A liderança, corporizada pelo primeiro e pelos
restantes ministros, deixou dúvidas desde o primeiro dia. Entregar
megaministérios a governantes inexperientes, sem peso político para se imporem
perante os pares e sem o conhecimento necessário para trabalharem com os atores
da sociedade e da economia é, naturalmente, erro de principiante. Mas o melhor
diagnóstico deste elenco ministerial foi a imagem derrotada e acabrunhada da
bancada do Governo no debate do estado da Nação de sexta-feira. Ministros que
não se olhavam, um ministro demissionário que ao que parece tinha já arrumado o
gabinete, outro que tem guia de marcha para ser substituído, outra que poderá
ver o seu Ministério partido a meio, enfim, uma vergonha para a nossa
democracia.
A ASAE é, neste caso, o presidente da
República. E, ao contrário da atenta e diligente ASAE da vida real, Cavaco
Silva foi dando espaço a um produto em decadência, ao ponto de, quando
finalmente a podridão se manifestou de dentro para fora, ver o seu espaço de
manobra muito limitado. O caminho, por muito que custe ao presidente, será
fatalmente uma eleição antecipada, quanto antes, melhor. Porque em democracia
não há artifício político que contorne o sufrágio. Tem consequências na
execução do plano de assistência? Certamente que sim. Mas se há dois anos foi
possível juntar as três principais forças políticas e negociar um memorando com
a troika num quadro de eleições antecipadas, não vejo por que razão não se pode
agora renegociar o programa de ajuda, envolvendo as mesmas forças, partindo
para um ato eleitoral que nos traga um Governo mais capaz.

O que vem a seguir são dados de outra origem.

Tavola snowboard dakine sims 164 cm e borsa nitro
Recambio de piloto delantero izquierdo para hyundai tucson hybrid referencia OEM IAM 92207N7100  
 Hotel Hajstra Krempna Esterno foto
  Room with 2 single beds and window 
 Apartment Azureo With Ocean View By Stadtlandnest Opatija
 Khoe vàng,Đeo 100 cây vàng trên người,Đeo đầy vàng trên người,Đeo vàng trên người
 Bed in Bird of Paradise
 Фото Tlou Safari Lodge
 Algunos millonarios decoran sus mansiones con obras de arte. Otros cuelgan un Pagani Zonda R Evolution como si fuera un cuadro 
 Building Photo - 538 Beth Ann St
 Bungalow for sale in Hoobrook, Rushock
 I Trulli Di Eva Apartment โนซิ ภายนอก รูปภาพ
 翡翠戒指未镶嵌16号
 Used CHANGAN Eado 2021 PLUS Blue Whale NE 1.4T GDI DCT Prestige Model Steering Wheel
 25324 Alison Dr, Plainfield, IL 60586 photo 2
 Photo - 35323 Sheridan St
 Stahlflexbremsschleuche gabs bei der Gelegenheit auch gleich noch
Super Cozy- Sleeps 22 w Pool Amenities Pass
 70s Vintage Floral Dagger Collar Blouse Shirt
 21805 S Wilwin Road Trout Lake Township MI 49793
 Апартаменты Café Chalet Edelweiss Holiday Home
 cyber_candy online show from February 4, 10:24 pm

Vale aqui recordar o famoso artigo de Cavaco
escrito em 2004, no qual recuperou a lei de Gresham para estabelecer o paralelo
entre a má moeda que expulsa a boa moeda e os políticos incompetentes que
expulsam os políticos competentes. O professor alertava à data para a
necessidade de inverter este efeito. Pois bem, esta é a hora de, na primeira pessoa,
o agora presidente protagonizar aquilo que no passado defendeu: substituir o
mau produto, fora de prazo, por um outro com validade.